I always liken this to asking someone for their phone number before you’ve even told them your name. They’ve shown no interest at this point and they have no reason to be interested in seeing you again. More importantly, they have no reason to trust you. And it’s the exact same thing if as soon as you land on a website, you’re shown lots of ads for expensive items.

Fulcrum Resources tip: The aim of behavioral marketing is essentially to ‘read the signs’, albeit in a very data driven manner, and thereby know whether or not they are likely to be interested in what you have to sell.

Some examples of this include:

Remarketing

Remarketing means using AdWords in order to target specifically the traffic that has already been to your site. This means leaving cookies on the users’ computers, and then choosing the advertising you want to show them accordingly. For instance then, if someone had been to your website shopping for hats, then you could use remarketing in order to bring up advertising pointing directly at your hat pages and so on.

This then means that you can use your traditional SEO techniques to reel in the interest, but then use remarketing and AdWords in order to bring them back again and show them the most relevant content. This one-two punch can be a great way to increase the quality of the traffic you get from AdWords (and so avoid wasting clicks), but also to create repeat visitors and remind traffic to return to your site.

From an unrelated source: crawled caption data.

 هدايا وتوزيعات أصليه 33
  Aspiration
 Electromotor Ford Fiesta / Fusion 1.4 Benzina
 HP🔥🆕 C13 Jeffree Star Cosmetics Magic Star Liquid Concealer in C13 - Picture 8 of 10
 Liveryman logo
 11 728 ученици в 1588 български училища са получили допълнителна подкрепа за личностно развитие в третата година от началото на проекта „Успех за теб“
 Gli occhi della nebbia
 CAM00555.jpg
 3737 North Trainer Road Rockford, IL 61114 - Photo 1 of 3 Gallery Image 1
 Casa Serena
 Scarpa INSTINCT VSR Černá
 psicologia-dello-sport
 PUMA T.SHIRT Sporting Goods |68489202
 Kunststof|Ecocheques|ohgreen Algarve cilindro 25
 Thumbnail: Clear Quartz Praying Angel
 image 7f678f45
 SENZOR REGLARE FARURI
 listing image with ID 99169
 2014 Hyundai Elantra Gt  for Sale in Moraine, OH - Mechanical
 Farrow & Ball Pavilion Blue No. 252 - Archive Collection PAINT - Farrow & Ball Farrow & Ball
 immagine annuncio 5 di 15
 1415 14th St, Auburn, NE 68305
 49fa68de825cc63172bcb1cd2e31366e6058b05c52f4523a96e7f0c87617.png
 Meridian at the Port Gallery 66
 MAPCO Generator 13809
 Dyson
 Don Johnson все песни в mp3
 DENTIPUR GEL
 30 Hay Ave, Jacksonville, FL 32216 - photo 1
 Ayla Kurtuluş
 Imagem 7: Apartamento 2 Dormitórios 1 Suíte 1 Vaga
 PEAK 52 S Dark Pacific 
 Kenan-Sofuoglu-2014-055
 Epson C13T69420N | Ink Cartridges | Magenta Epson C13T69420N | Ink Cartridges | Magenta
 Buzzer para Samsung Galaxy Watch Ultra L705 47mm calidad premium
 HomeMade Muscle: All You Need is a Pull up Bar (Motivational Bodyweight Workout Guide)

Now you are reminding someone of a product they’ve already shown an interest in, rather than trying to sell them something cold that they probably don’t care much about!

List Segmentation
In list segmentation, an email marketer will look at their mailing list and then try to identify who on that list is ready for further marketing. This will be based on cookies left on their computer due to their time spent on the website and also on their interactions with the email messages themselves. So if your readers have opened lots of messages, if they’ve followed links, if they’ve lingered on them – then you have people who are engaged and likely more inclined to buy.

Fulcrum Resources tip: You can use an autoresponder then in order to send targeted marketing messages to the right people at times when they might be more inclined to buy. I once spent some time considering buying a folding keyboard on Amazon and decided against it. An email came through a few days later when I was feeling vulnerable reminding me of the keyboard and I hit buy.
Tailored Ads
Personalized ads are adverts that are shown to you based on your broader behavior across the web and what you have shown an interest in. If you’ve looked at lots of websites about fitness, then personalized ads might take this to mean that you have an interest in fitness and therefore show you relevant ads when you are browsing the web.

Web Design
Web design can even be influenced by behavioral marketing by taking into account which pages people have come from and therefore what they are most likely to be interested in. If someone is on your homepage because they Googled something about fitness, then you might choose to present more of your fitness oriented content and products in your slider and generally throughout the homepage.